◆ The problem ◆
Examine each line of the data. Copy the line if it includes the word "Hotel".
─── Material for this exercise ───
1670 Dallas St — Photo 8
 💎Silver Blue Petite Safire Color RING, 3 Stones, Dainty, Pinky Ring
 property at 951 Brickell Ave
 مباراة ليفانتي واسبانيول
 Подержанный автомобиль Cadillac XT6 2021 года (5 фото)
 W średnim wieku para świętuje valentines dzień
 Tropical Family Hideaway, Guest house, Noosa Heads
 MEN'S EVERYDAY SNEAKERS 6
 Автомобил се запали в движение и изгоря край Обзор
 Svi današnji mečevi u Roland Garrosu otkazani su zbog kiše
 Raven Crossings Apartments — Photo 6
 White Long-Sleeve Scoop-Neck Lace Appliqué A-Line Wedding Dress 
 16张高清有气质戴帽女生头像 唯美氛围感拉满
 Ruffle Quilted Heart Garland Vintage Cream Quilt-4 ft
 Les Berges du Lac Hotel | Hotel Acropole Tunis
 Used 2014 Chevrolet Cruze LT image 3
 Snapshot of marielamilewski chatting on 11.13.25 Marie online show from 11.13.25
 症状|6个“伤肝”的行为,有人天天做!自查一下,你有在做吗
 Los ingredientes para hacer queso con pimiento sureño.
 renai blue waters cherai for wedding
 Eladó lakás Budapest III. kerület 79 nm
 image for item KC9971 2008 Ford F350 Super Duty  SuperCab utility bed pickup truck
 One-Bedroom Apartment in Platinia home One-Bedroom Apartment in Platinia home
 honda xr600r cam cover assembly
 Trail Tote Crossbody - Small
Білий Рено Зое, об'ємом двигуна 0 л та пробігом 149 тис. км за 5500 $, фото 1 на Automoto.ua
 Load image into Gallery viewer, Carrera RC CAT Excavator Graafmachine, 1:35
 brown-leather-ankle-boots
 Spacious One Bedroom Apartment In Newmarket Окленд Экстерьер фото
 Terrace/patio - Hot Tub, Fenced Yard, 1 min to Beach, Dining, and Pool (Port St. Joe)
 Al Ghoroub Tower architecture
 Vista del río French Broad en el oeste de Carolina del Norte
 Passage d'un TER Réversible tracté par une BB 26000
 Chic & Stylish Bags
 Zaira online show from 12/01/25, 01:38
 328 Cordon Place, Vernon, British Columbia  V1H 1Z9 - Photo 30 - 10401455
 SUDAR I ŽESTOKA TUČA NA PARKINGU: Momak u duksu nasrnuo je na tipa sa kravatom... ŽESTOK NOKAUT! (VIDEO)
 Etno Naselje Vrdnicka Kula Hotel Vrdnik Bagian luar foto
───
◆ Answer for this exercise ◆
 Les Berges du Lac Hotel | Hotel Acropole Tunis
 Etno Naselje Vrdnicka Kula Hotel Vrdnik Bagian luar foto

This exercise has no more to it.